I valori di libertà e speranza che il testo e la musica di Bella Ciao! rappresentano sono, ancora oggi, un baluardo contro tutte le repressioni e le tirannie da cui questa fetta di mondo è stata costantemente minacciata. Già di per sé, l’appropriazione di una melodia popolare per finalità di lucro appare come una scelta discutibile visto che promuove lo sfruttamento di un patrimonio collettivo per un puro e semplice guadagno privato. Ma in questo caso, inoltre, non si possono trascurare i protagonisti di questa sgradevole storia pubblicitaria: da un lato abbiamo la sottomarca Aquarius della Coca-Cola Company la quale, dopo essere diventata fieramente il baluardo di un modello consumista spinto al massimo in tutti gli angoli del globo, sta cercando di ripulire la sua immagine sbandierando una presunta responsabilità sociale, tutta da costruire, nei paesi in cui opera, nonostante le sue condotte siano state, in passato, alquanto discutibili e tendenzialmente monopolistiche; dall’altro c’è la canzone della resistenza partigiana contro l’occupazione nazi – fascista degli ultimi tragici anni del Secondo Conflitto Mondiale in Italia.
L’uso commerciale delle tracce insostituibili della memoria collettiva mondiale è, in fondo, una pratica radicata, una tentazione facile per il marketing soprattutto ora che, con la globalizzazione dell’economia e la rivoluzione nelle telecomunicazioni, servono ed urgono dei modelli interculturali cui attingere e, perché no, dei nomi e dei simboli da trasformare in marche.
Alcune di queste forse, una volta, erano il patrimonio di qualche popolo o cultura locale, e racchiudevano una porzione di un mondo ormai dimenticato.
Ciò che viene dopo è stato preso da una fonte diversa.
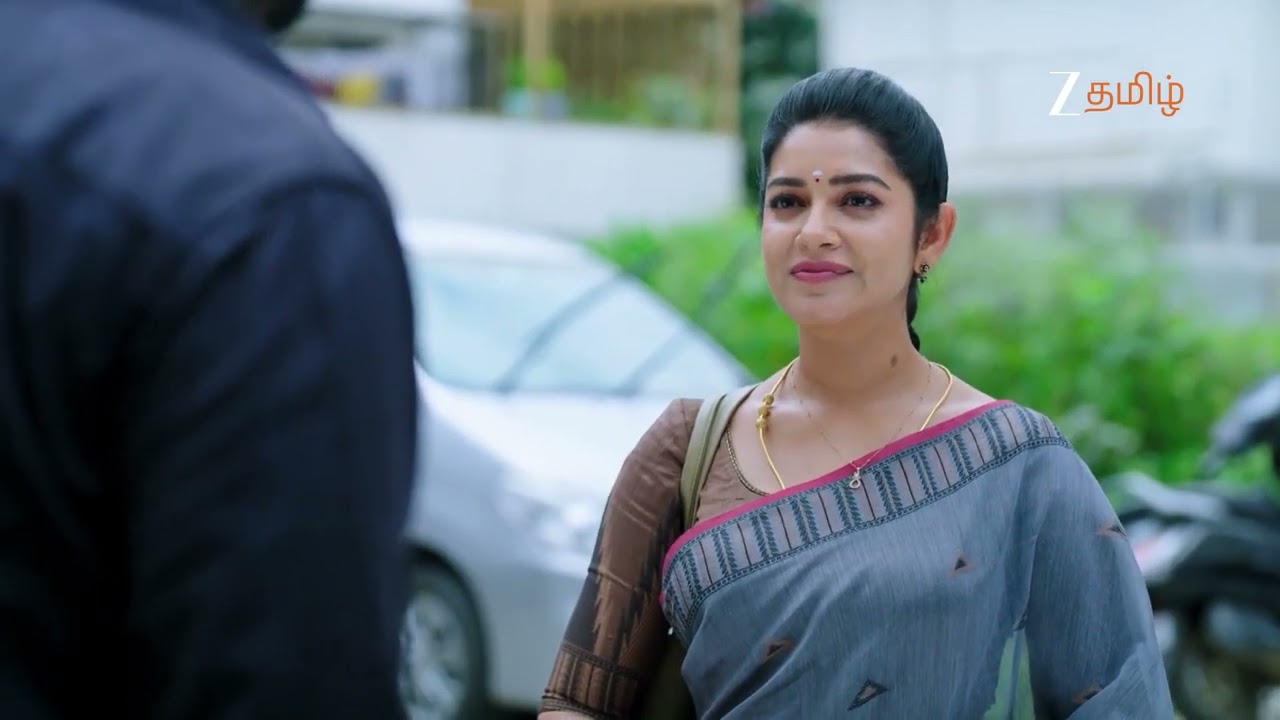 Getti Melam | Ep - 178 | Webisode | Sep 05 2025 | Zee Tamil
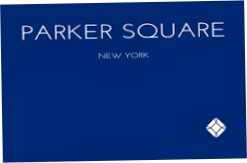 Parker Square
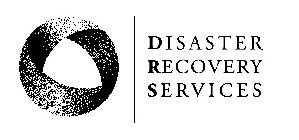 DISASTER RECOVERY SERVICES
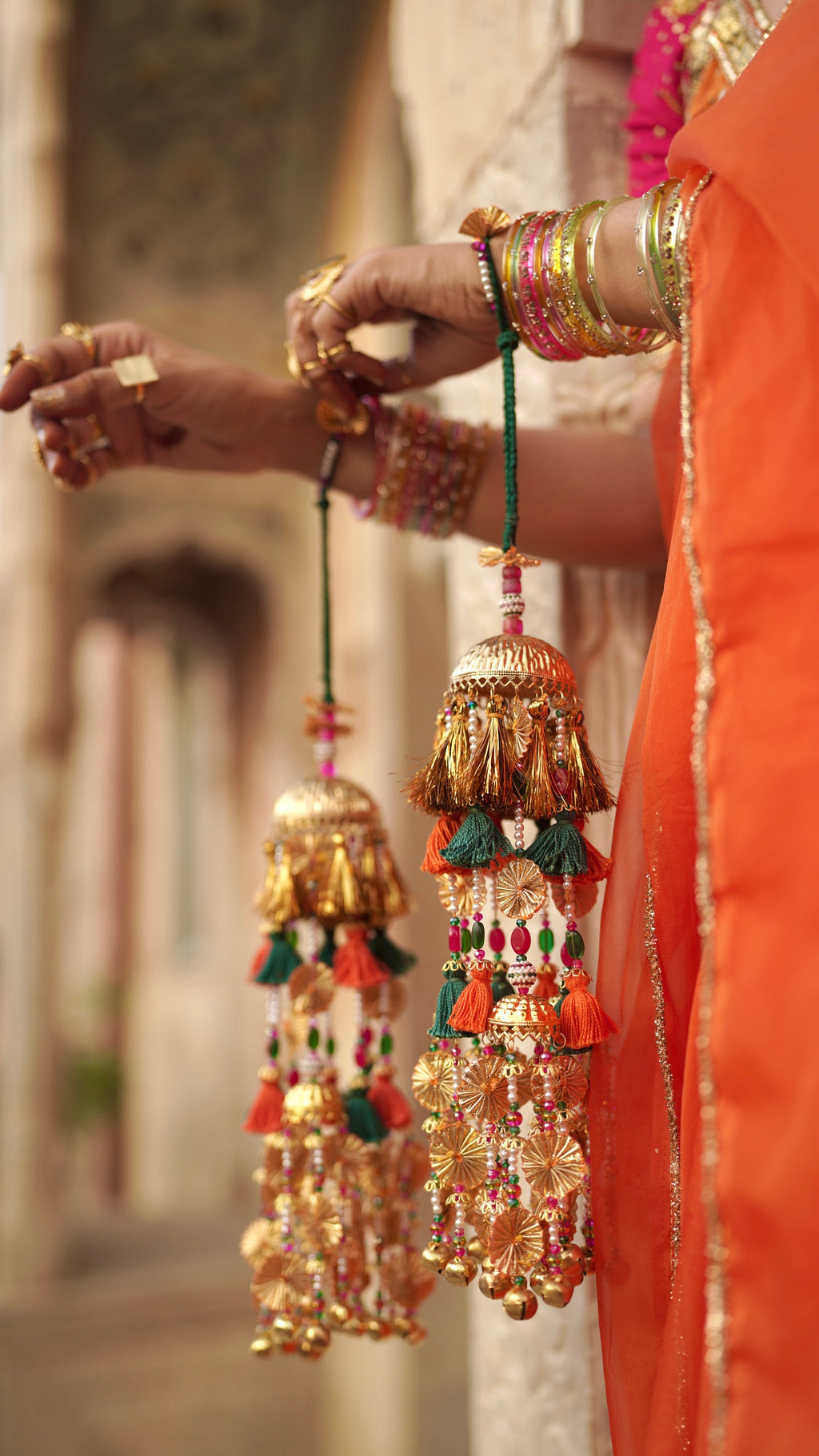 Jugni Kaleera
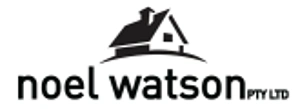 Noel Watson
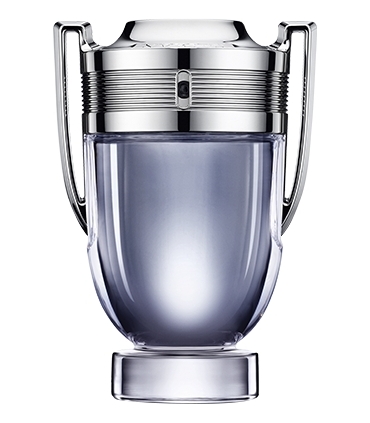 Paco Rabanne Invictus EDT (50mL)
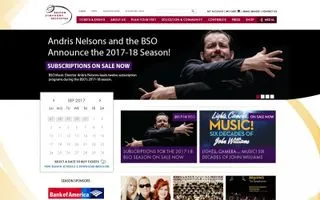 bso logo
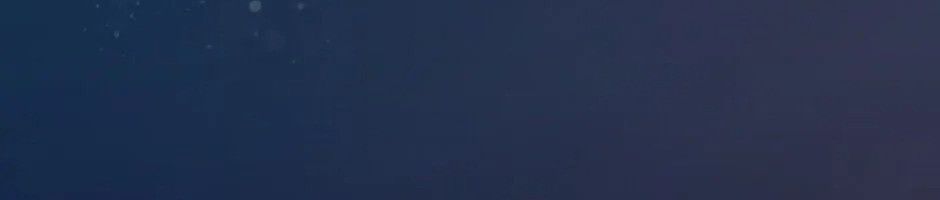 Câu Chuyện Sinh Tồn Của Kiếm Vương Ở Thế Giới Khác Chapter 22 - Trang 2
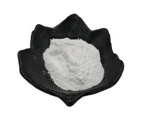 Stachydrine hydrochloride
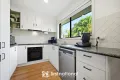 Property photo of 3 Breydon Place Hampton Park VIC 3976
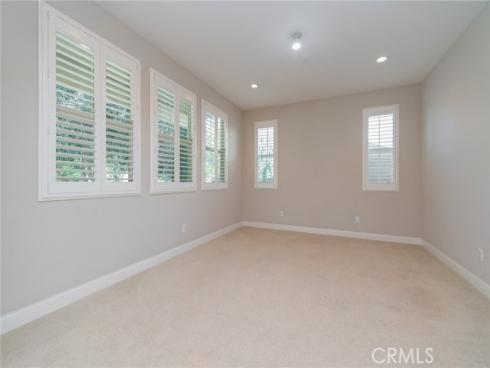 159 Speckled Alder , Irvine, CA
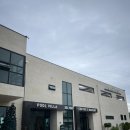 리브포레스트 | 영덕 카페 추천 나는솔로 촬영지 리브포레스트 내돈내산 후기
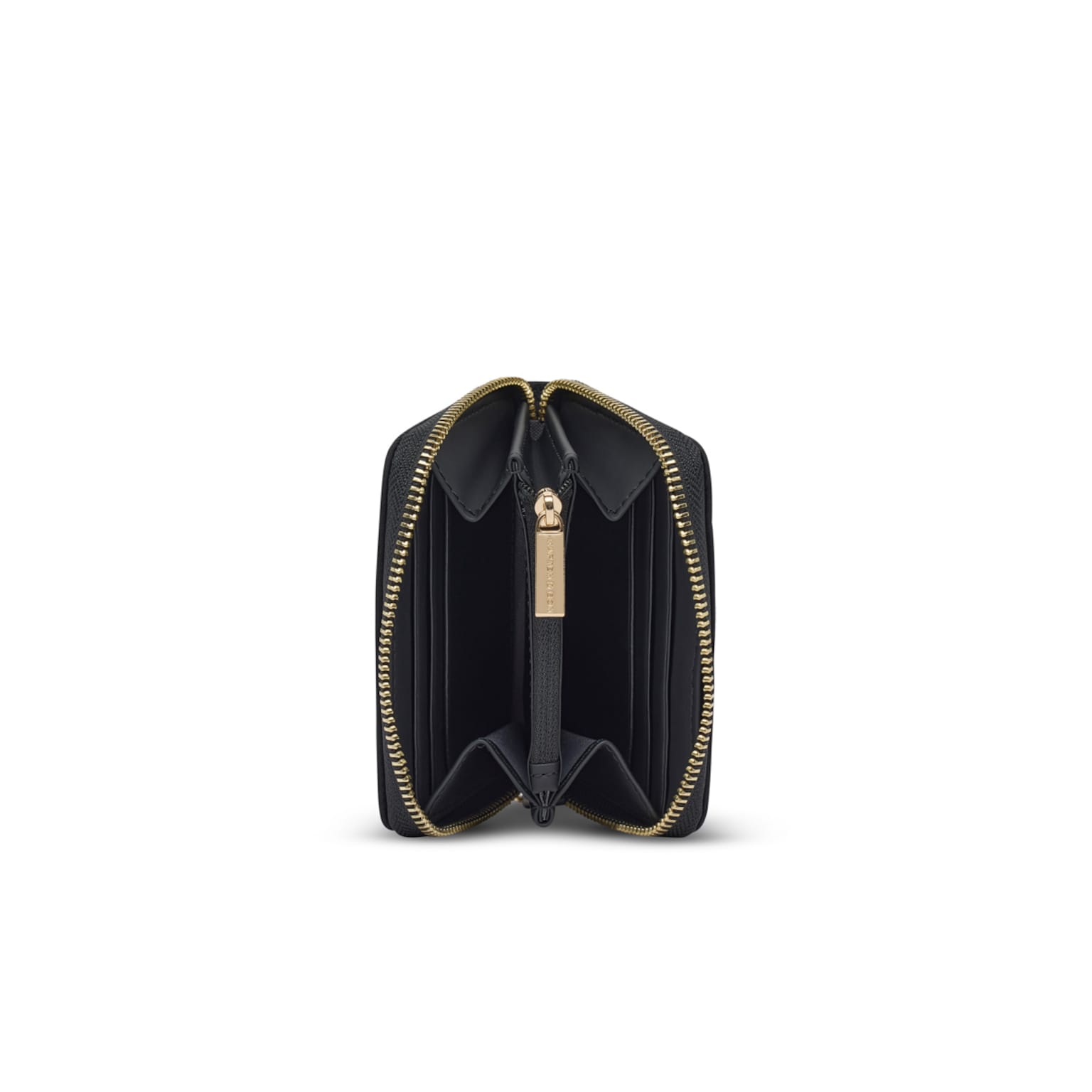 Louvre Cloud Small, Louvre Cloud Small All Black, Zwart, Afbeelding 3 van 4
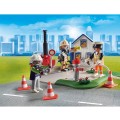 big_Playmobil-70980-04.jpg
Oppure sintetizzavano cosmovisioni che vengono oggi vituperate nell’ambito di una cultura a senso unico e diventano, quindi, molto più facili da sfruttare e omologare per altri fini, come se fossero degli asset gratuiti pronti per l’uso col minimo sforzo: l’economicità dell’operazione è servita.
La reazione della società civile in Messico è stata, per ora, irrilevante e l’incarico di diffondere l’informazione su Bella Ciao!, i suoi significati e l’uso indebito che se ne sta facendo, è stato rilevato da alcuni gruppi organizzati di italiani all’estero come il collettivo AlterIta che sta organizzando piccoli incontri e raccogliendo le firme affinché tutti possano manifestare il proprio dissenso attraverso il suo blog all’indirizzo http://alteritamessico.blogspot.com/. Si stanno anche raccogliendo tra intellettuali, sindacalisti, accademici e personalità di spicco le adesioni a un comunicato stampa che verrà presto diffuso nei media messicani e italiani con il fine di non dimenticare e semplicemente lasciar perdere come spesso accade quando l’apatia conquista i cuori e la memoria.